Les magasins bio spécialisés se retirent de l’Agence Bio
AFP le 10/02/2026 à 17:20
Le syndicat des magasins spécialisés dans les produits issus de l'agriculture biologique a annoncé mardi se retirer de l'Agence Bio, missionnée par l'État pour promouvoir ce mode de production et menacée selon les distributeurs spécialisés de « démantèlement » par le gouvernement.
« Nous sommes convaincus que le démantèlement de l’Agence Bio est programmé », a déclaré à l’AFP la présidente de Synadis Bio, Christelle Le Hir, aussi présidente du directoire de La Vie Claire, dénonçant les « coupes budgétaires » subies par l’agence en 2025 et 2026.
Cette démission est un « message fort » envoyé à la ministre de l’agriculture Annie Genevard pour « essayer de sauver l’Agence Bio », menacée selon Mme Le Hir de voir ses missions réparties entre plusieurs organismes comme FranceAgriMer et l’Institut national de l’origine et de la qualité (Inao).

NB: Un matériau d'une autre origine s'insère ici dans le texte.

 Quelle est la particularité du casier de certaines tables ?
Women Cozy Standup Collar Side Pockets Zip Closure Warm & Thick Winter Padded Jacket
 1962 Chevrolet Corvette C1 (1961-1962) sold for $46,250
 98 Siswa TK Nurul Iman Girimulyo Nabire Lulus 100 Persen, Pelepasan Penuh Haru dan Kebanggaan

L’Agence Bio est chargée de promouvoir les produits issus de l’agriculture biologique, grâce à des campagnes de communication, mais aussi de produire des données sur ce mode de production (surfaces, installation, filières…). Elle administre aussi le fonds avenir bio, doté de plusieurs millions d’euros, destiné à soutenir des projets agricoles ou de transformation.
Synadis Bio représente des enseignes comme La Vie Claire, Biocoop, Naturalia, Accord Bio, soit 2 000 magasins qui réalisent environ 3 milliards d’euros de chiffre d’affaires annuel, pèsent pour 40 à 50 % de la distribution bio en France et représentent 15 000 emplois. Synadis Bio faisait partie depuis deux ans du conseil d’administration de l’Agence Bio, qui rassemble tous les acteurs de la filière.

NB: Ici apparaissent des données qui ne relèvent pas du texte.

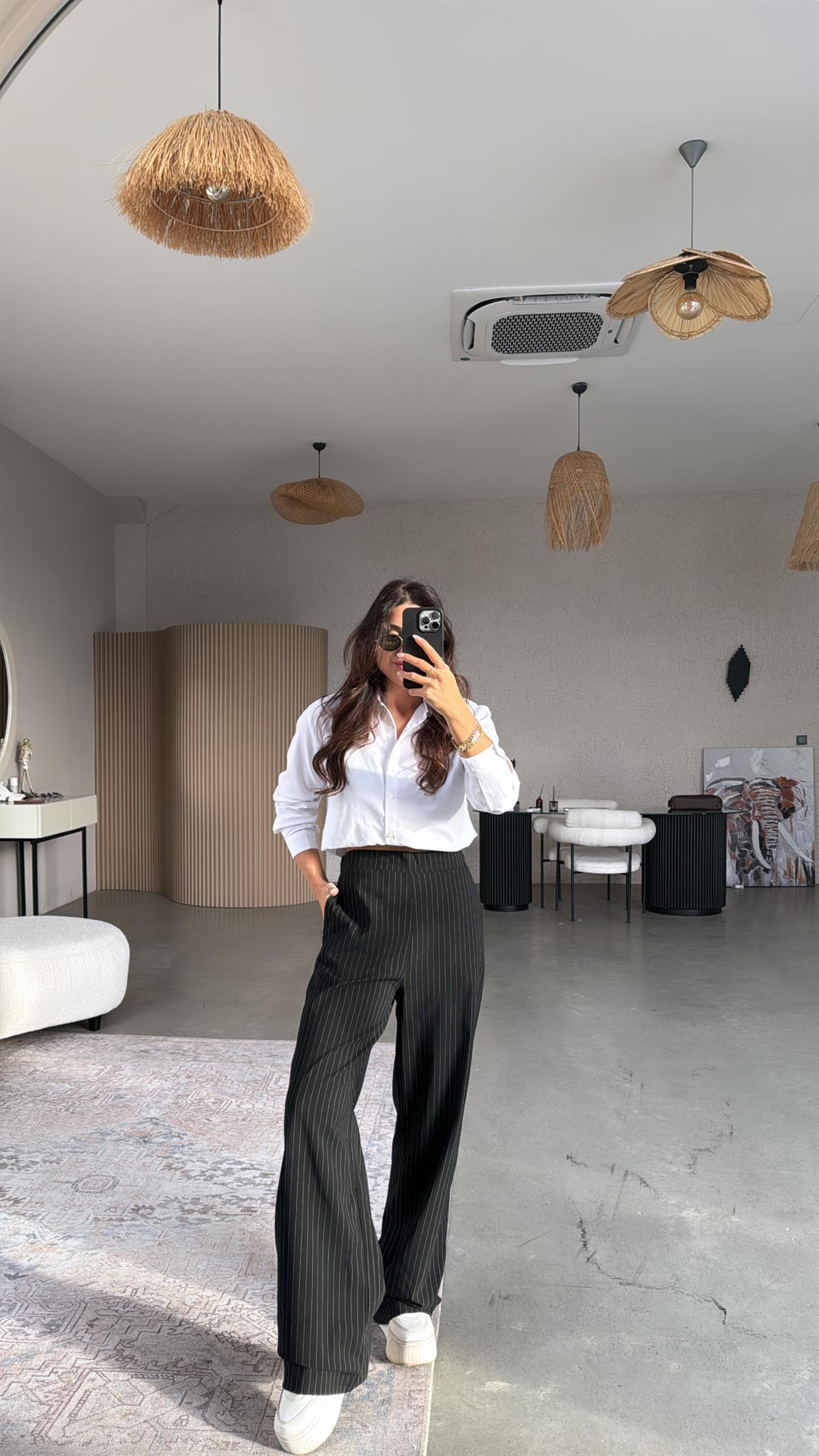 Siyah Çizgili Bol Paça Arkası Lastikli Kumaş Pantolon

L’agence fait face depuis un an à des menaces de disparition, d’abord dans le cadre du budget 2025 puis de rapports parlementaires sur les économies à réaliser au sein des agences de l’État.
La structure a « survécu » mais « depuis un an, on a coupé drastiquement tous ses moyens (…) Il est urgent de continuer à accompagner l’agriculture biologique », s’est indignée Christelle Le Hir, qui dénonce aussi le changement imminent de direction de l’agence.
Les produits bio ont subi de plein fouet les années d’inflation et la consommation montre seulement depuis quelques mois des signes de reprise. Les surfaces consacrées à l’agriculture biologique ont reculé en France en 2024 et en 2023, à rebours des objectifs d’augmentation fixés par la loi.
La distribution spécialisée, qui se fournit à 85 % en France selon Christelle Le Hir, redoute de devoir aller se fournir à l’étranger si la production française devait se contracter, notamment sur des produits où il existe déjà des tensions d’approvisionnement comme les oeufs, le beurre ou la viande.